Naturevolume 453pages944–947 (2008)Cite this article

Abstract

A significant fraction of theSaccharomyces cerevisiae genome is transcribed periodically during the cell division cycle1,2, indicating that properly timed gene expression is important for regulating cell-cycle events. Genomic analyses of the localization and expression dynamics of transcription factors suggest that a network of sequentially expressed transcription factors could control the temporal programme of transcription during the cell cycle3. However, directed studies interrogating small numbers of genes indicate that their periodic transcription is governed by the activity of cyclin-dependent kinases (CDKs)4. To determine the extent to which the global cell-cycle transcription programme is controlled by cyclin–CDK complexes, we examined genome-wide transcription dynamics in budding yeast mutant cells that do not express S-phase and mitotic cyclins.

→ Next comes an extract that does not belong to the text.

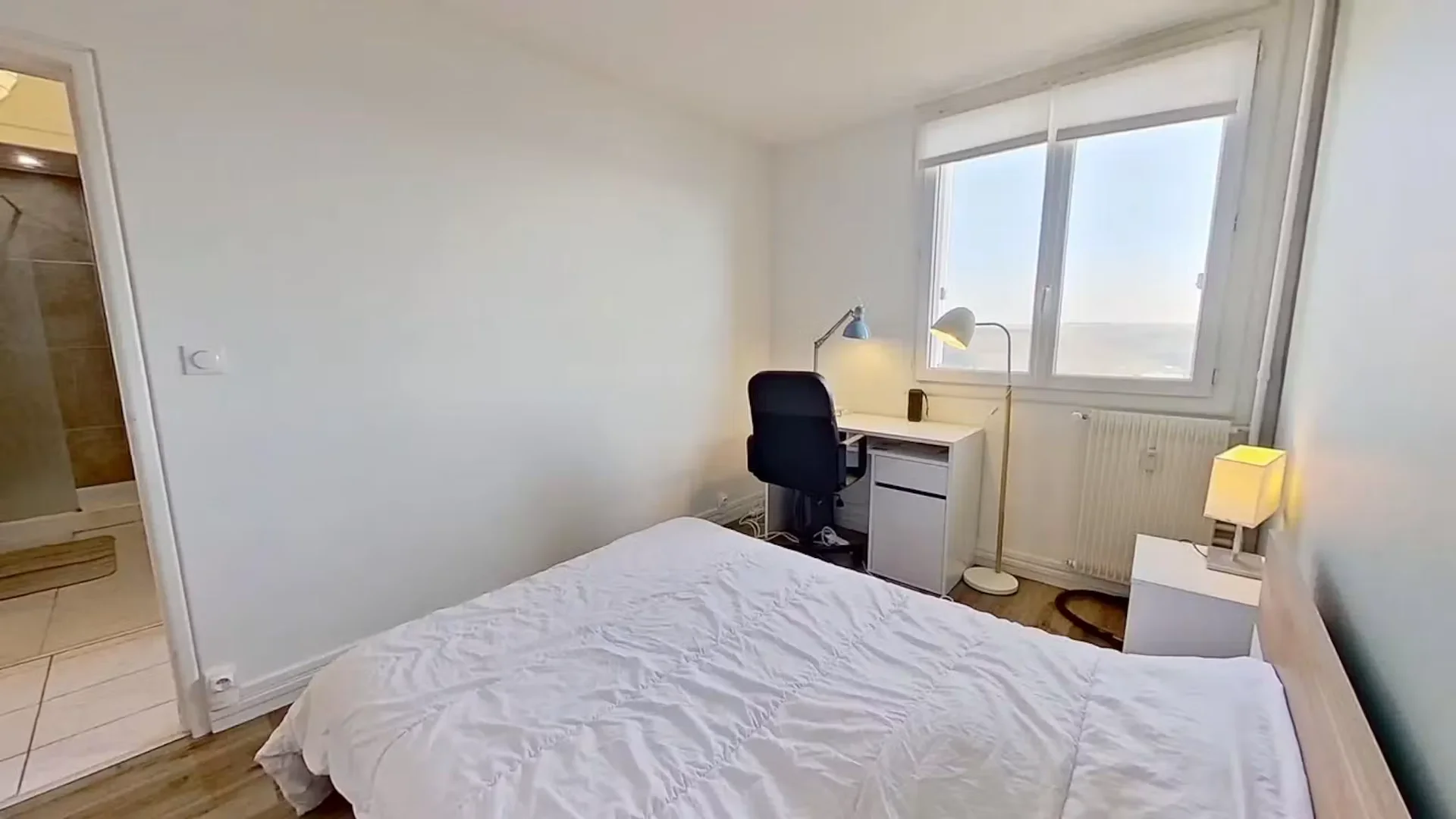 Student-friendly room in  with modern amenities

Here we show that a significant fraction of periodic genes are aberrantly expressed in the cyclin mutant. Although cells lacking cyclins are blocked at the G1/S border, nearly 70% of periodic genes continued to be expressed periodically and on schedule. Our findings reveal that although CDKs have a function in the regulation of cell-cycle transcription, they are not solely responsible for establishing the global periodic transcription programme. We propose that periodic transcription is an emergent property of a transcription factor network that can function as a cell-cycle oscillator independently of, and in tandem with, the CDK oscillator.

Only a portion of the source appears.